Even when you peer all the way back to 2008 — the birth of Marvel’s Cinematic Universe (MCU) — only a handful of their 17 films to-date have failed to resonate (Thor: The Dark World, Iron Man 2, and The Incredible Hulk); incidentally, these are some of the earliest MCU films, and despite their poor receptions, each was still quite profitable. By the time Thor: Ragnarok hit theaters this past November, the MCU was an incredibly well-oiled, money-making juggernaut — also the name of a popular Marvel character. (Trivia!)
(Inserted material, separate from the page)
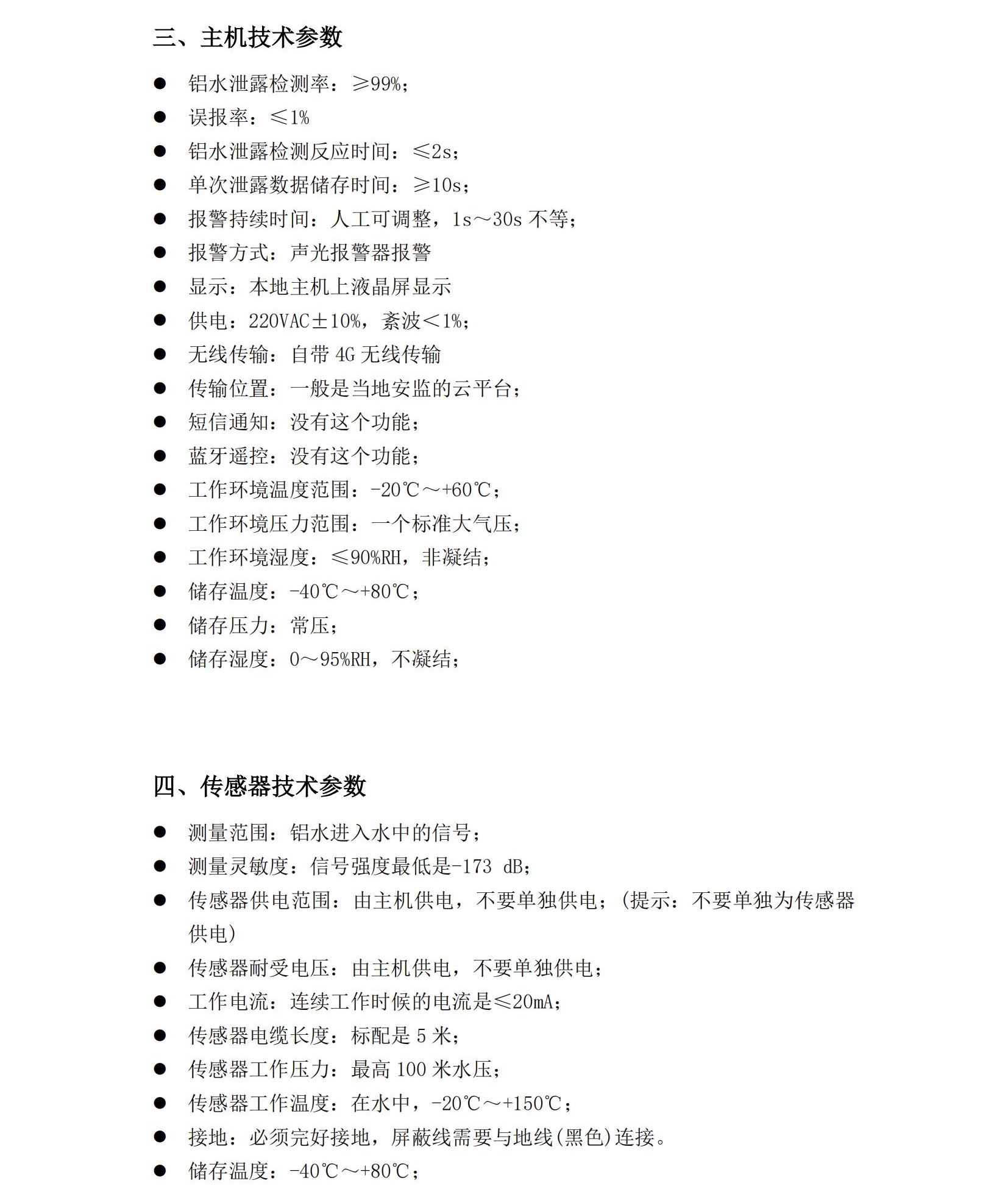 鋁水泄漏檢測系統使用說明書2025年06月24日_06.jpg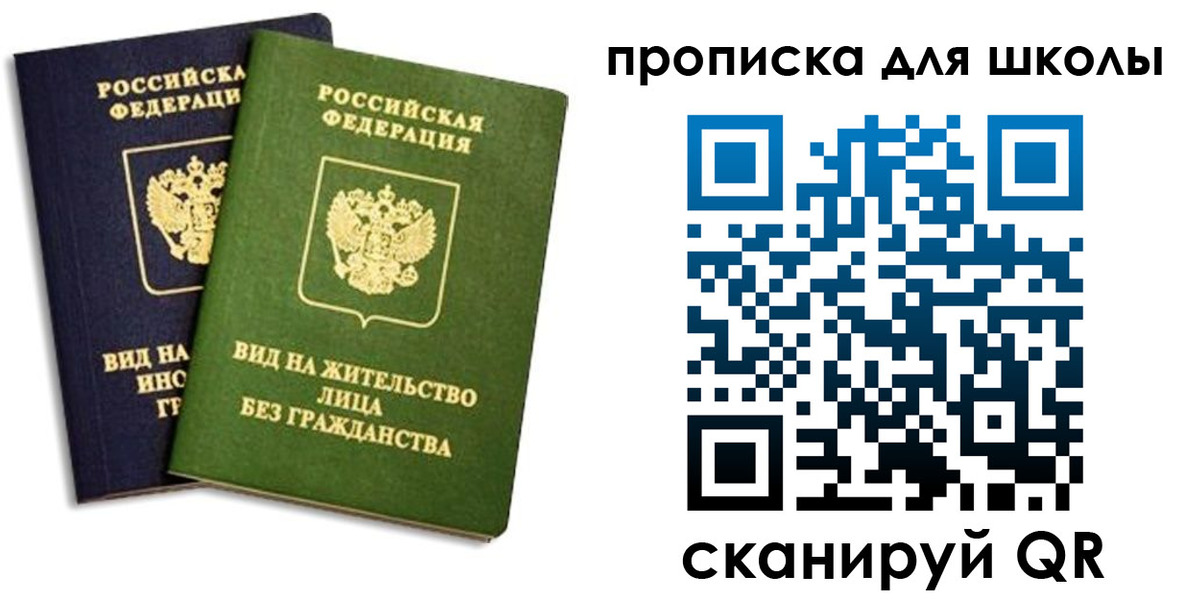 прописка штамп в Онеге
That’s not to say that these MCU films aren’t flawed (they are), but their flaws are part of what makes them so compelling — Marvel packs their DVD’s full of bloopers, outtakes, and extended scenes, and fans can’t get enough. That said, Marvel does have long-standing issues with lack of diversity (ethnic and gender), poorly-defined villains, and an over-reliance upon McGuffins — how many times has that damned “Tesseract” popped-up? However, progress is being made and 2018’s Marvel schedule — Black Panther, Avengers: Infinity War, and Ant-Man and the Wasp — appear to be addressing these issues.

Yet, none of this really explains a decade of ongoing, uninterrupted success, does it? I have a theory that the truth (or secret sauce) underlying Marvel’s unbroken string of hits is actually pretty basic, it comes down to simple “camaraderie” or “fellowship,” which is best-exemplified by the “super-team-up” — an enduring hallmark of every comic book publisher, from Marvel to DC to Image to Dark Horse. In other words, the way Marvel makes their heroes so engaging is primarily achieved through dialog and engagement with other heroes.

Let’s be honest, most superhero protagonists are pretty dull by themselves; they stand for truth and justice, fight for the little guy, and are (mostly) straight arrows. Yawn. But add a super-powered foil, either a partner or an ally, who’s personality/strengths/weaknesses contrast or conflict with our main hero, and we suddenly gain more insight into the nature of our protagonist. The super-team-up reveals deeper character flaws, morals, and values that simply don’t come through when the protagonist is solitary.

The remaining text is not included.